Recorded data –
================================

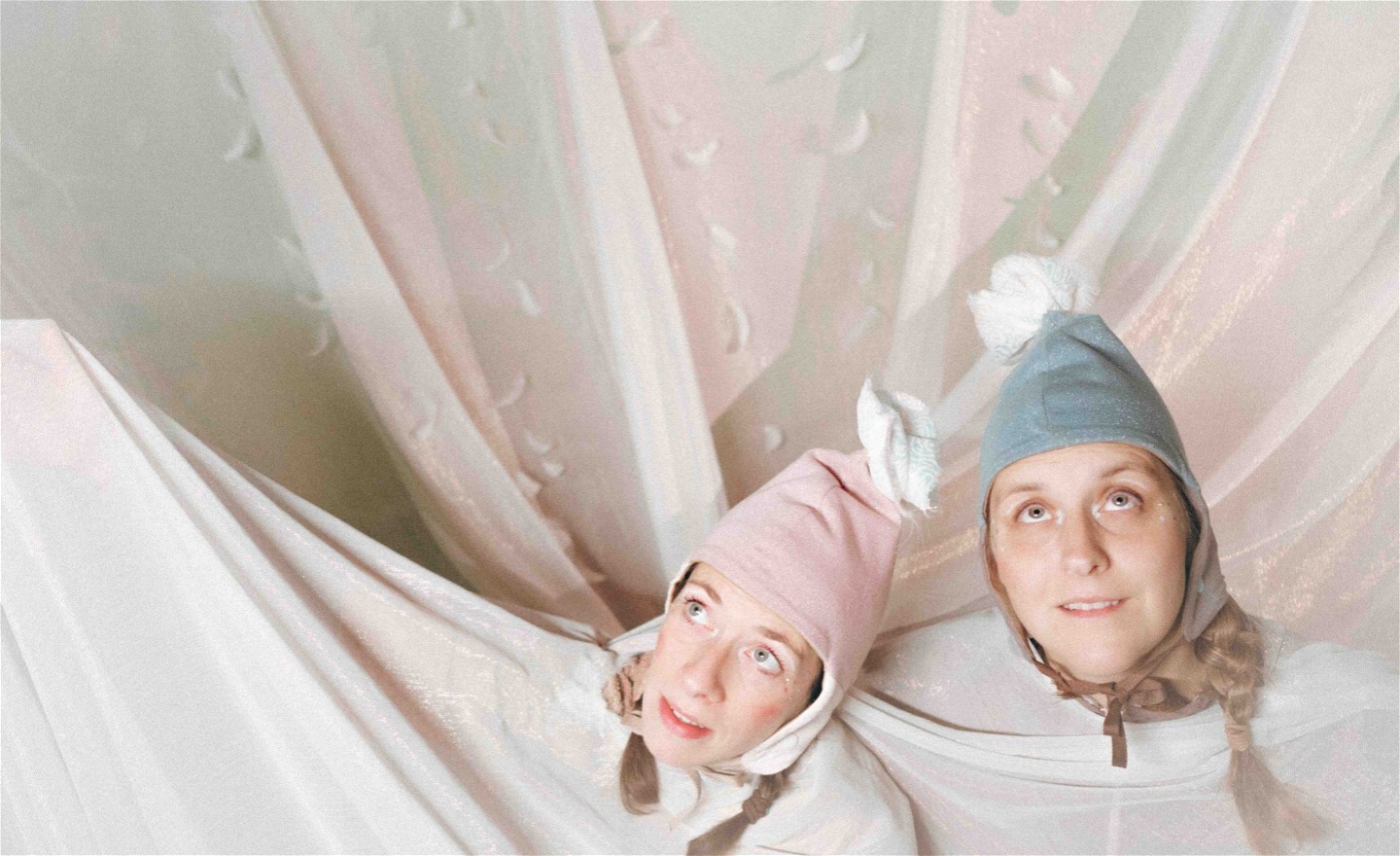 Två kvinnliga scenaktörer sitter i ett hav av vita tunna tyger. 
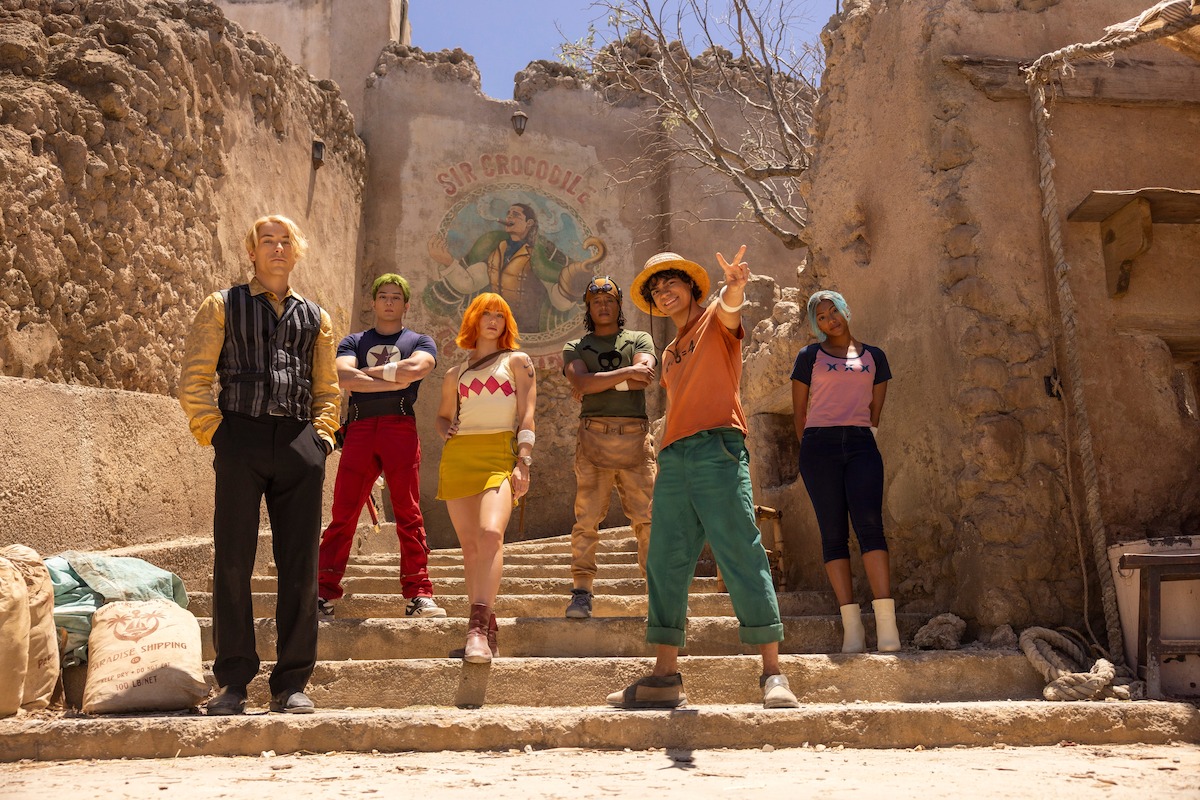 Six people in colorful, varied costumes stand on stone steps in front of a weathered building with a mural, under bright sunlight in a rustic, old village setting.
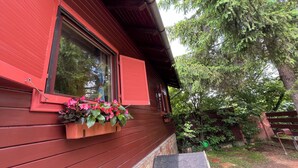 A red wooden house with a window and a flower box.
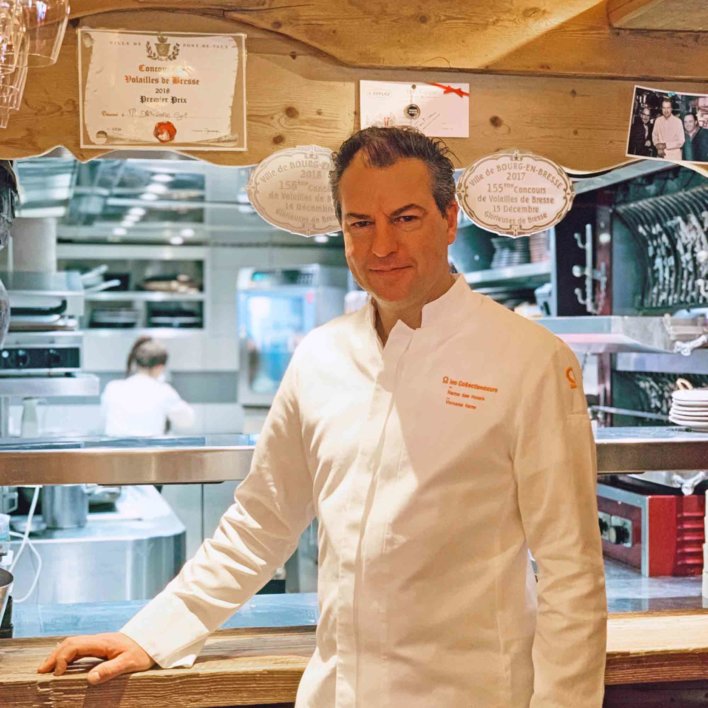 Photo portrait d'un chef en veste de cuisinier blanche, devant sa cuisine ouverte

================================

How to complete this task – If a picture falls within the span, leave it out, and reproduce exactly the lines from the one containing "Six people in" through the end of the material, and no others.

Exercise result –
 Six people in colorful, varied costumes stand on stone steps in front of a weathered building with a mural, under bright sunlight in a rustic, old village setting.
 A red wooden house with a window and a flower box.
 Photo portrait d'un chef en veste de cuisinier blanche, devant sa cuisine ouverte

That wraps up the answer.